A estas alturas no sorprende que Jorge Sampaoli aproveche las pocas instancias públicas en que se deja ver para tirar como un misilazo alguna idea previamente estudiada. Es parte de su estilo y la manera que aparentemente tiene para provocar ciertos efectos. Esta vez, el escenario elegido fue la presentación de su "biografía autorizada", ocasión en que el seleccionador dijo lo que pretende de sus jugadores en la Copa América: "Quiero once fanáticos que se jueguen la vida por la camiseta de Chile. Once kamikazes", dijo.
Más allá de entender por qué dirigió ese mensaje al público en lugar de hacerlo donde correspondía -al interior del camarín, que es donde se hace este tipo diatribas- lo curioso es que Sampaoli no actúa con la consistencia de un líder que desea la inmolación de sus dirigidos en el imaginario "campo de batalla".
Sus acciones así lo demuestran.
Desde siempre, el seleccionador ha sido más o menos claro en que está convencido de que los futbolistas que a él le sirven apenas superan los dedos de las manos. Esencialmente, son los que hoy destacan (o al menos eventualmente juegan) a nivel superior en el plano internacional, otros pocos que han trabajado por años con él y que lo conocen (aunque ellos sean del despreciado torneo nacional), y uno que sin cumplir ninguna de las dos condiciones es una obsesión personal (se entiende quien es, ¿no?).
A ese grupo, Sampaoli le entrega todo el crédito. Incluso, en algunos casos, más de lo deseable.
El resto de los jugadores que eventualmente han sido observado por él, no es más que un grupo de comparsas. O simples agregados. Ninguno, de verdad, tiene en la mente del entrenador posibilidad alguna de protagonismo futuro. Ese no es tema para Sampaoli.
El problema es que dicha filosofía acarrea un montón de problemas que pueden salir a la luz en el corto y mediano plazo.

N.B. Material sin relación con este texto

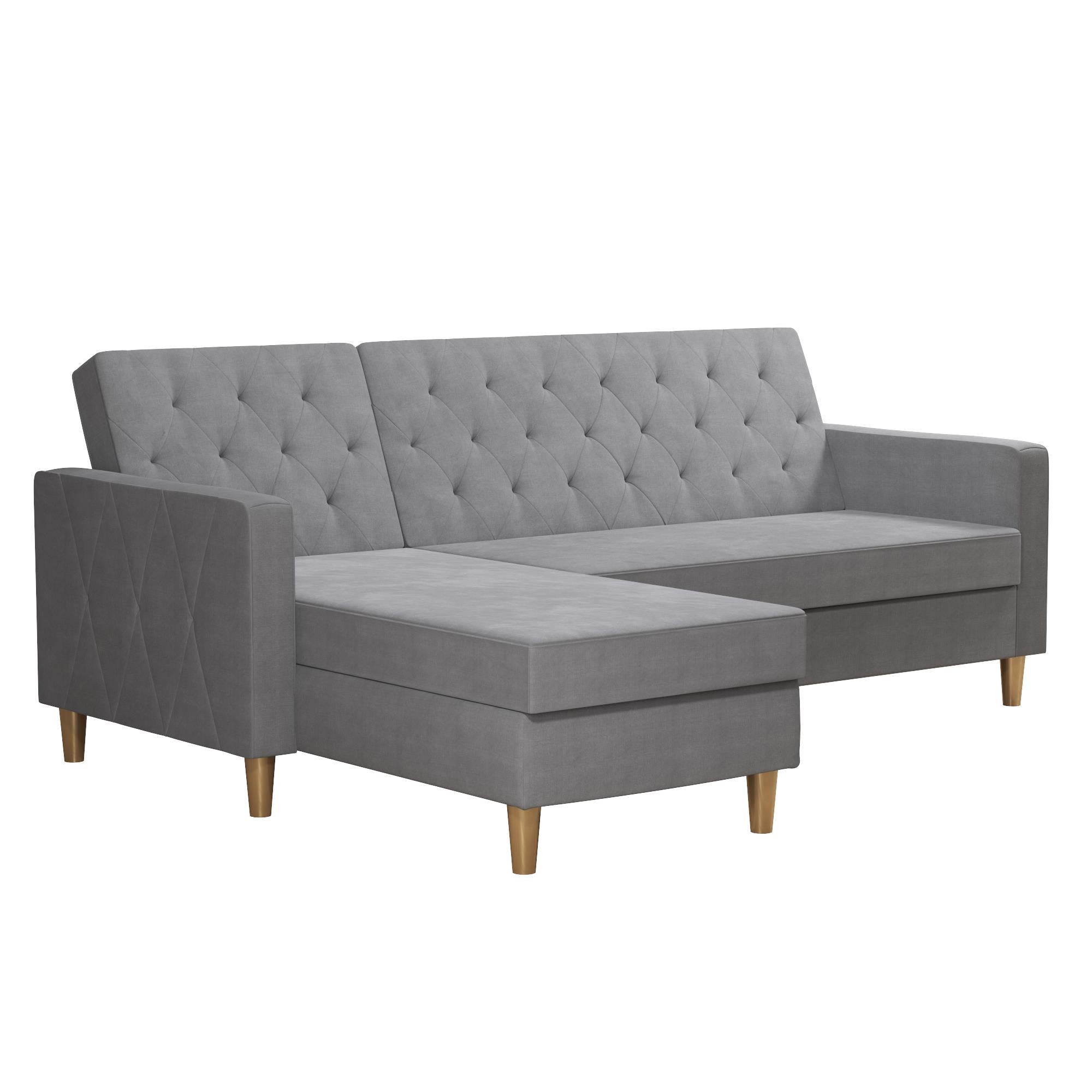 CosmoLiving Liberty Sectional Futon Sofa Bed with Storage - Light Gray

De partida, el propio Sampaoli reduce las opciones reales de encontrar variantes, algo que el propio seleccionador reconoció buscar luego que la experiencia mundialista le indicara que no podía ser dogmático a ultranza en sus propuestas (Holanda fue el equipo que encendió las luces). Porque, aunque él así lo crea, por mucho que confíe en que sus elegidos están para hacer de todo, es obvio que no todos rendirán de la misma forma si se les cambia de esquema.
Pero eso no es todo. La actitud despreciativa de Sampaoli con algunos jugadores se ha ido convirtiendo en estos meses en una clara señal de fastidio, que en algún momento puede transformarse en un problema grave de camarín.

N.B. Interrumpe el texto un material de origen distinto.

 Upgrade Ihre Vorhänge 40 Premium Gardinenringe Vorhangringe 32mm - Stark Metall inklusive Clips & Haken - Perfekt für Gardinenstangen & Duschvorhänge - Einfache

David Pizarro y Matías Fernández, antes de Brasil 2014, dieron las primeras señales de que las preferencias inequívocas de Sampaoli afectaron sus deseos irrefrenables de jugar por la Roja en tal alta instancia. Marco González fue incluso más explícito con los mensajes poco consistentes del entrenador, y aunque sus palabras se las llevó el viento, resurgen ahora como signo de una manera poco feliz de hacer las cosas por parte del DT.
Y suma y sigue con la deserción de Esteban Paredes, las negativas de Fabián Orellana y Pablo Hernández, y en las últimas horas, el sorpresivo corte de José Pedro Fuenzalida, Junior Fernández, Rodrigo Millar y Mark González, todos los cuales, con seguridad, no siguieron en el proceso debido a que supieron que, aunque se esforzaran y demostraran sus capacidades, al final estarían igualmente fuera.

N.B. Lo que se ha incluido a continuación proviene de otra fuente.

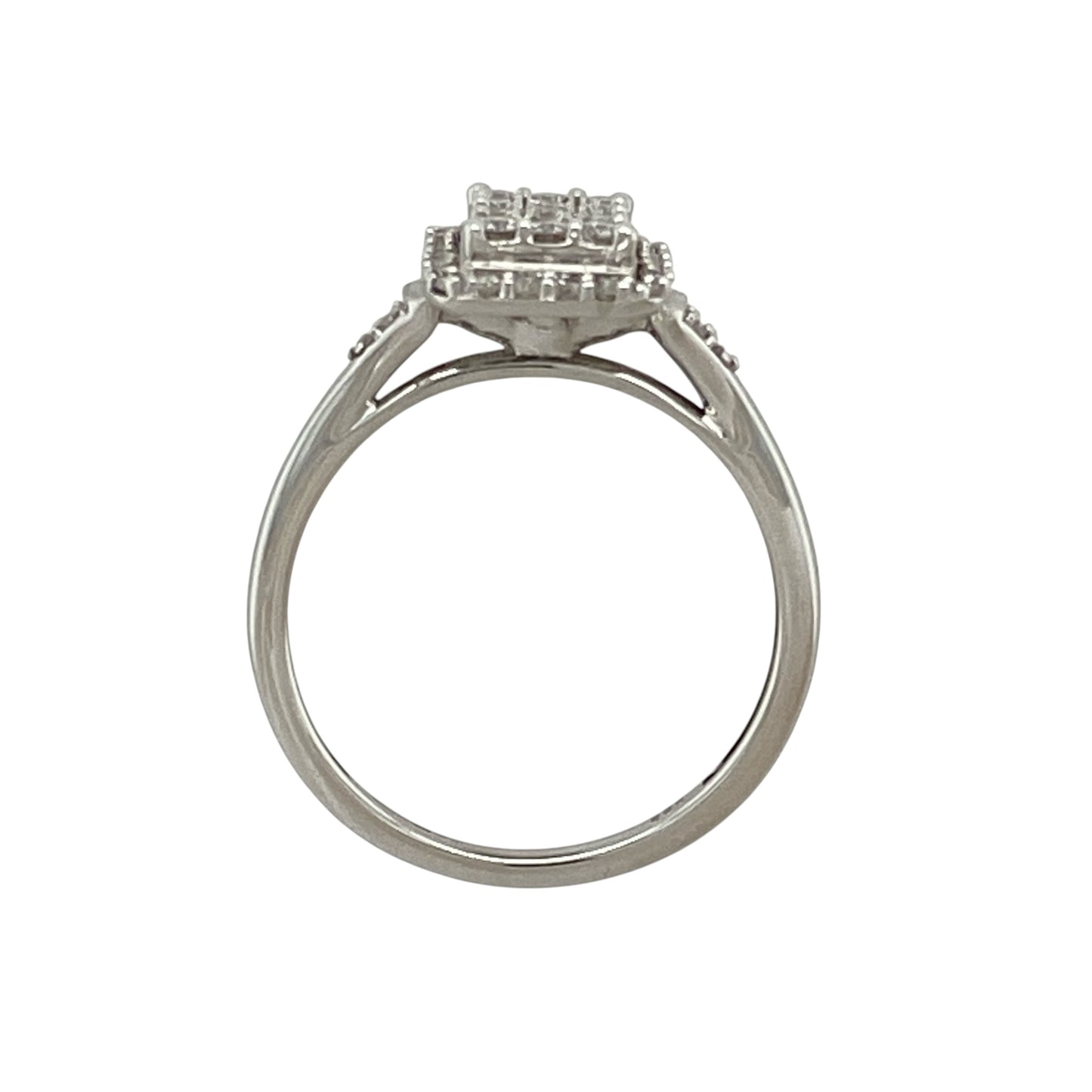 9ct White Gold & Diamond Set Rectangle Cluster Ring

Sampaoli, claro, puede pensar que lo que está haciendo es parte de su trabajo. Y en verdad lo es. También seguramente lo hace convencido de que es lo mejor para la Roja de cara a la Copa América. Pero debe tener claro que esto puede tener costos altos. Que ningunear a jugadores profesionales, con trayectoria y con historia en algunos casos, puede traer consecuencias.
De partida, no puede esperar kamikazes por montones.
No si no se ha dado cuenta de que él mismo está actuando como tal.